Shouldn't you be at work arresting and beating the shit out of Mexicans? (Not that I have anything against that).

Why don't you admit the only reason you wanted to be a cop was to get hold of a night stick. 'Cos it reminded you of your boyfriend's big black DICK!!!
Look here Shakespeare,  this jacko must have hacked my site because I don't NEED no stinkin badges to crack nobody up side their head. So mind your own business and really, really  just go and STFU. Because I beat up all kinds of people regardless of the color of their skin. Unlike you, here in America that's how we roll. It's equal opportunity smack downs.  So STFU,  video later as it's as hot as the face of the sun here. So go write a sonnet and STFU.  Time to dust and nap, video much, much later. Mind your own business,  how in the hell do you haters get all my personal info anyway, STFU.

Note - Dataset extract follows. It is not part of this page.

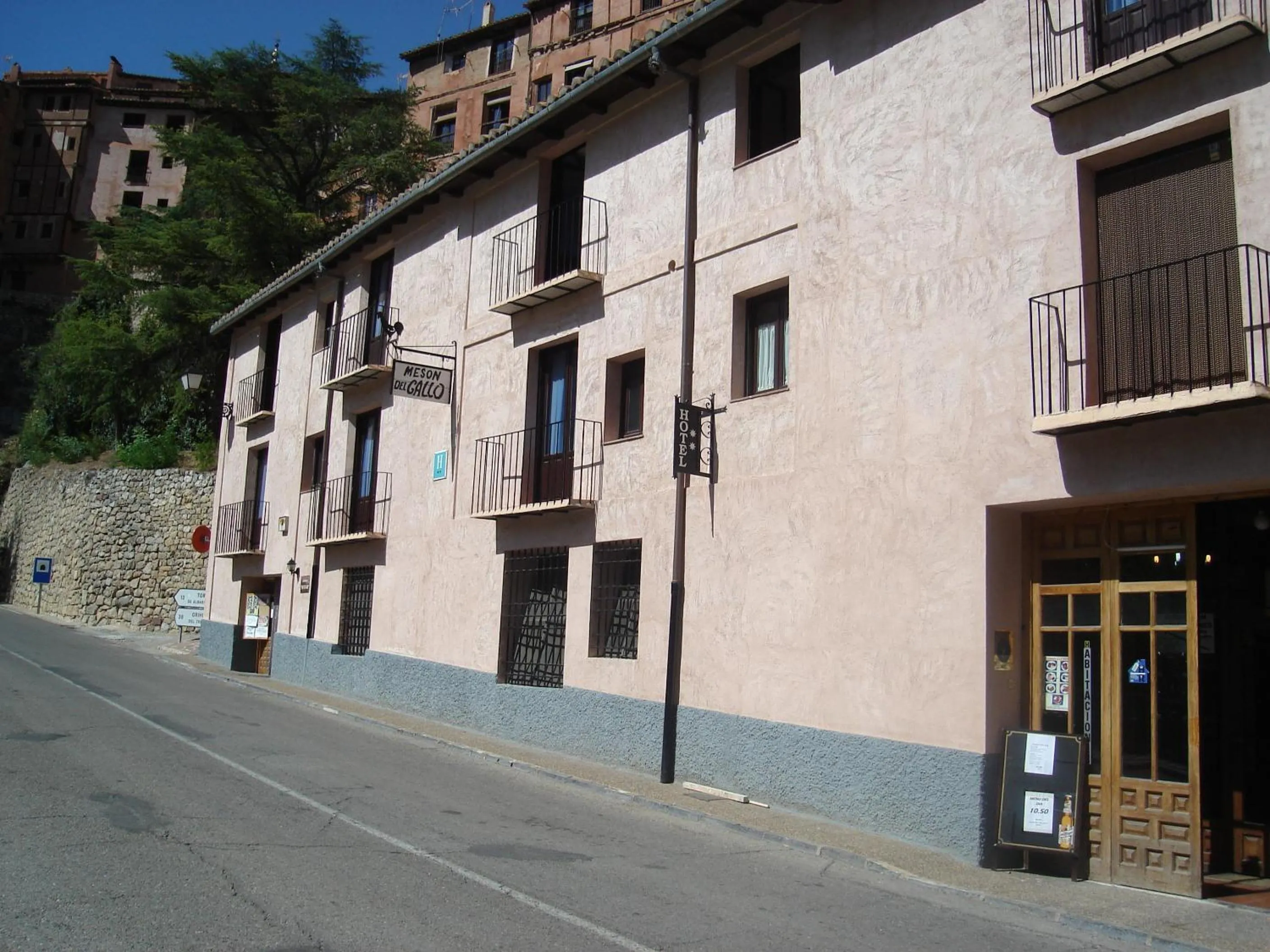 Property building in Hotel Mesón del Gallo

Quote from: Who on August 19, 2015, 08:40:21 AM
Falkie:

You've been telling us the temperature has been 100 degrees Fahrenheit the past few days.  According to the Weather Channel this is simply not true. In fact, they are predicting highs in the mid to upper 60s  (18 to 20 degrees Celsius) for the next ten days in San Francisco.

I submit that you are either telling us tall tales or your mental mayo has curdled.  Which is it?

Falkie is a freckle punching liar but on this one he tells the truth. I live in the same county as Falkie and it hit 106 on Saturday. San Fransico is on the other side of the bay and it tends to be 20 or more degrees cooler over there.